Production levels are still too low to meet the needs of household growth

“we continue to believe that production levels in the 1 million to 1.2 million starts per year range are still too low for the needs of the American household growth that is now normalizing. Additional questions have been raised as the effect of an increase in interest rates relative to the recovery for first time homebuyers segment. We believe that there continues to be a growing pent-up demand for dwellings of all types across the country, though stronger in some markets than others”

First time home buyers have come back to the market more slowly

“First-time home purchasers have come back to the market more slowly than they have historically and more slowly than expected. While the growing percentage of our for-sale homebuilding business continues to be geared towards first-time purchasers, our broader new household strategy has targeted the rental market as well”

Margins impacted as move to shorter duration land

“Okay. So we have been pretty consistent Bob, in saying that we expect our gross margins to be drifting down. We highlighted that at the beginning of this year and as we move through last year as well. But we also focused attention on net operating margin primarily recognizing that as land that was bought at very low prices flow through our system, margins would be higher. As that land dissipated and we ended up with more shorter term land, our margins would – our gross margins would drift down. But we felt that as the recovery matured, we would continue to focus on bringing down our growth rate, focusing on efficiencies in our SG&A, as we have been articulating and really driving increased earnings through more efficient net operating margin.”

Industry average gross margin is at 21, 22%

“. Our view has been that our gross margins will continue to drift downwards. I think if you look at the average of the industry, if you look at what’s normalized gross margin in the industry, you are probably looking at 21%, 22%. And over time, we will probably drift in that direction. The industry average might even be lower than that. ”

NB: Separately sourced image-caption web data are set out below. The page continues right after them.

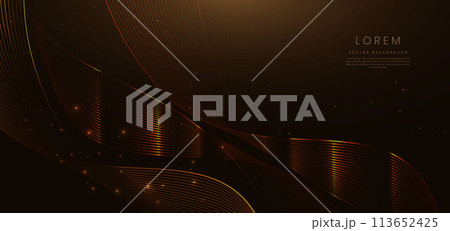 Abstract elegant gold glowing curved line with lighting effect sparkle on black background. Template premium award design. 113652425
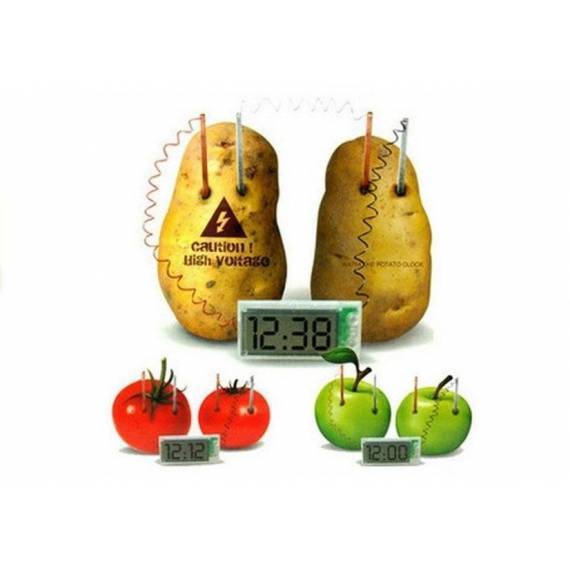 Potato Eco Clock Creative Science Experiment Set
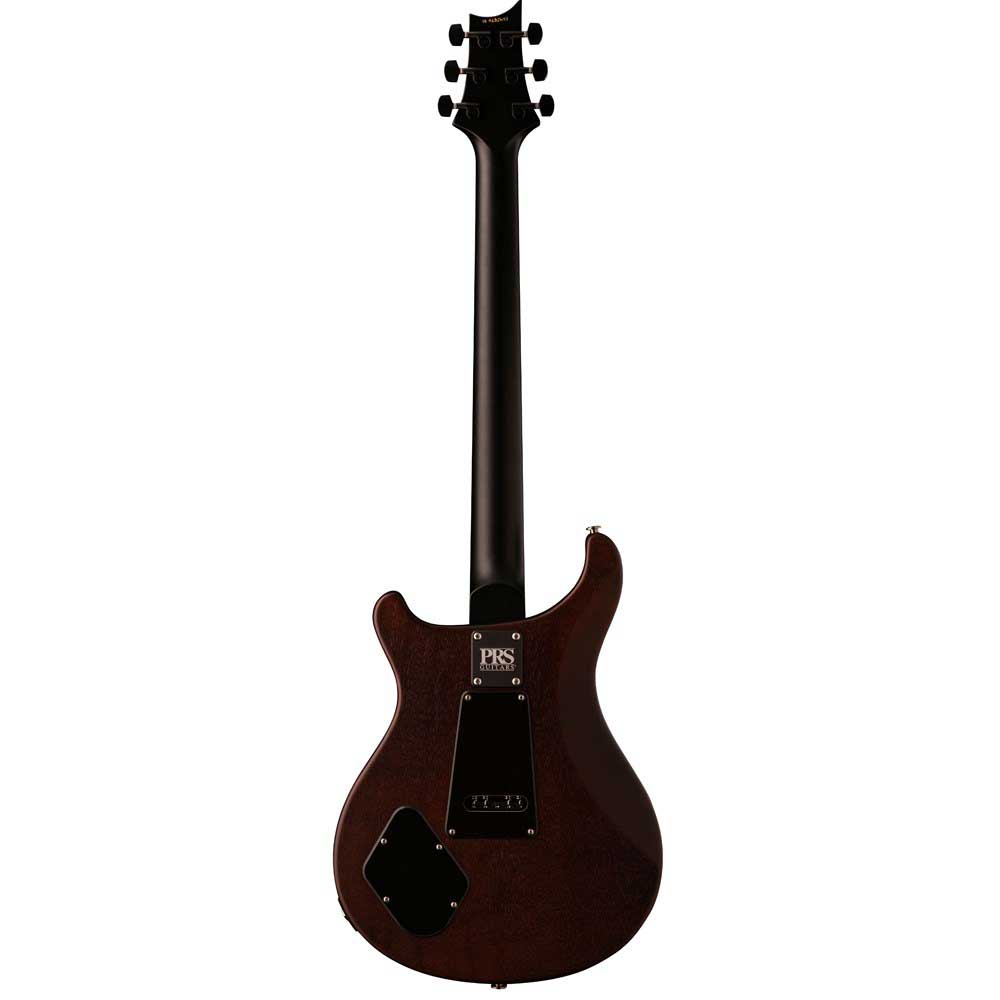 Đàn Guitar Điện PRS Dustie Waring CE24 Floyd w/Bag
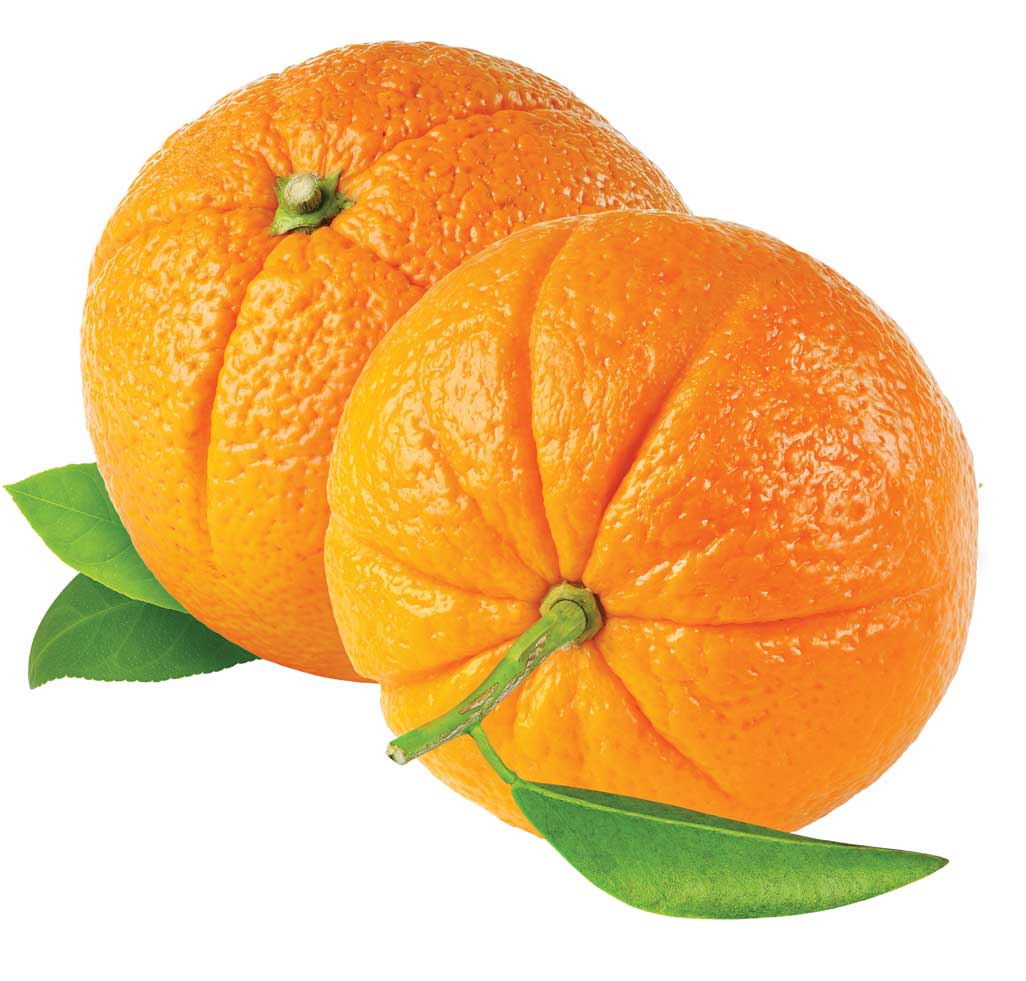 citrus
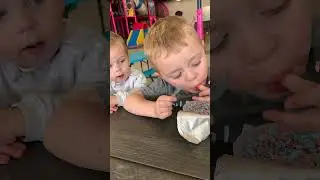 The two bite rule in force 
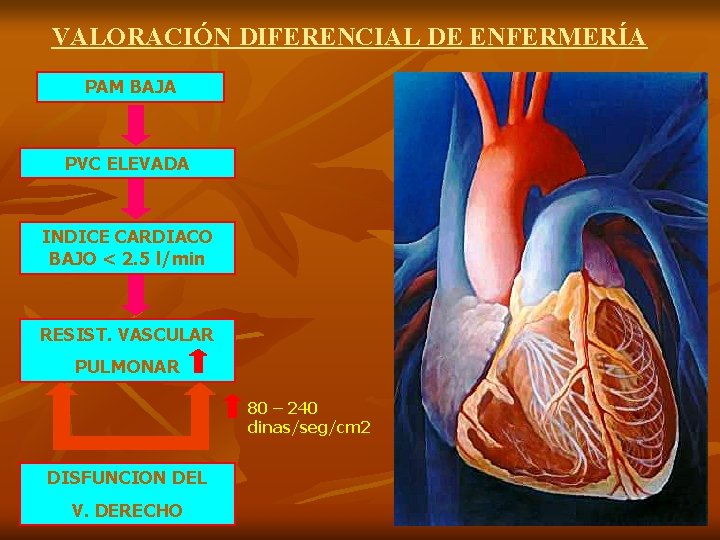 VALORACIÓN DIFERENCIAL DE ENFERMERÍA PAM BAJA PVC ELEVADA INDICE CARDIACO BAJO < 2. 5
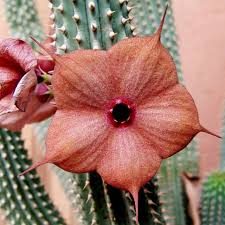 Image result for Hoodia currorii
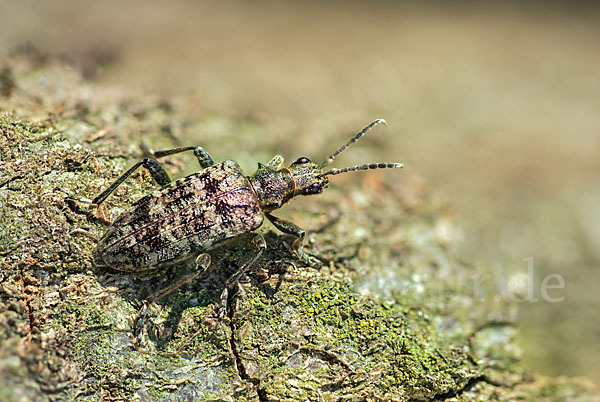 Schrotbock (Rhagium inquisitor)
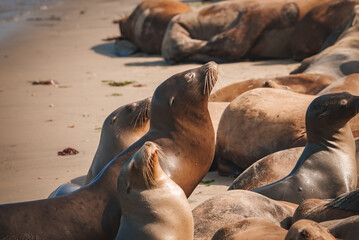 A Group of California Sea Lions at Monterey Bay, California. Zalophus californianus, hauled out in...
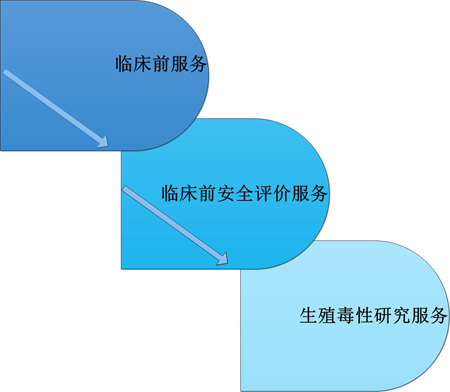 pp电子临床前服务中的生殖毒性服务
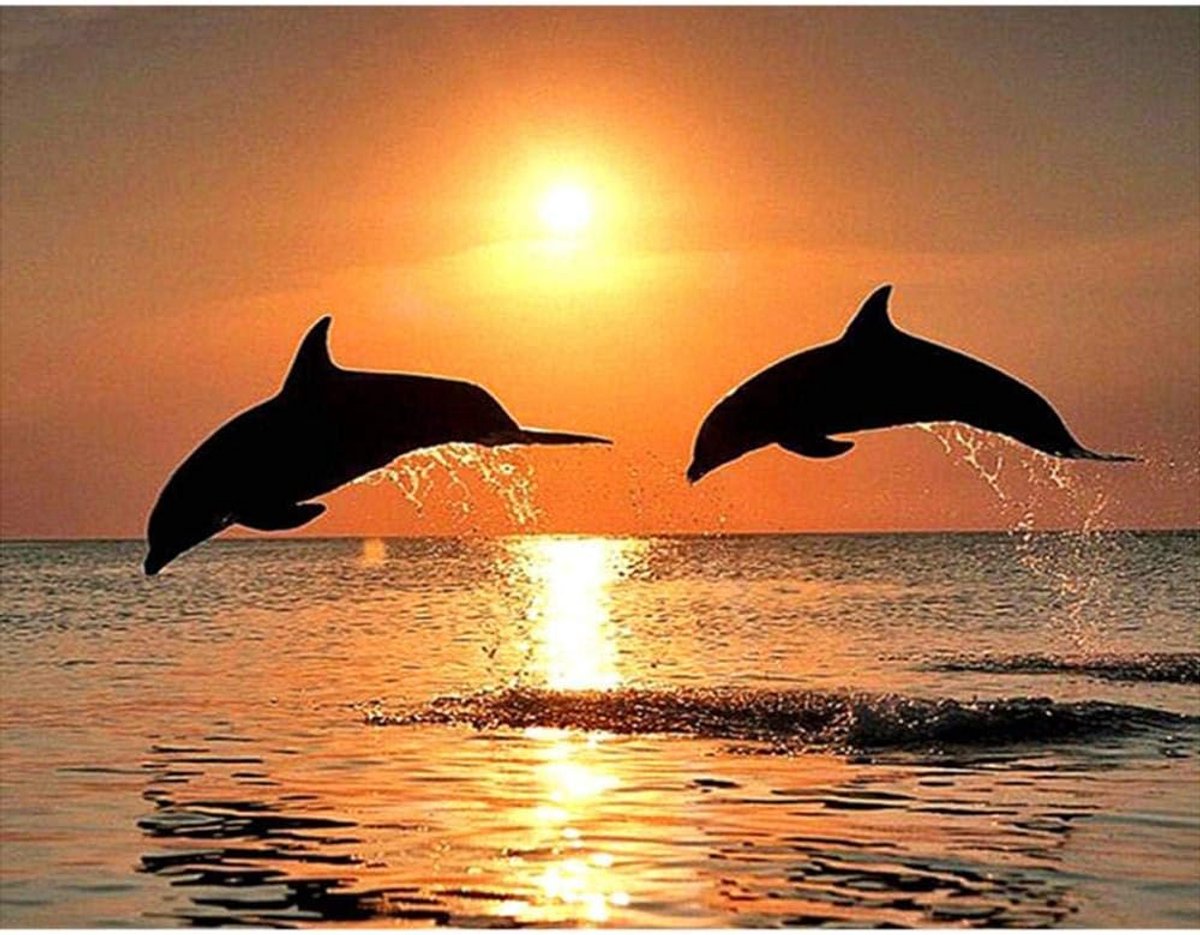 5D DIY Diamond schilderij Dolphin borduurwerk volledige vierkante Diamond Cross Stitch zonsondergang Water Dolphin Rhinestone schilderij Holiday Gift frameloze 40x30cm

Land and labor is expensive and hard to come by in this environment

” We are not focusing on stretching growth in an environment that just isn’t giving it easily. Land is expensive. Land is hard to come by. People are expensive and hard to come by. It’s hard to grow operations efficiently and effectively at an accelerated rate in a market where land and labor is really constrained. And so we have chosen to focus on operational efficiencies as a mechanism for driving profitability going forward.”

Rick Beckwitt

Starting to take less risk in land impacts margins, more wholesale

Yes. This is Rick. The natural evolution of a soft pivot is that you are starting to take less risk in land. Associated with that risk profile is a margin presence. You are looking for near-term opportunities, quicker turns. So gross margin will naturally come down and IRRs will come up. And so when we are going less long on some of these positions, it means that you are paying a little bit closer to retail than you were in buying wholesale.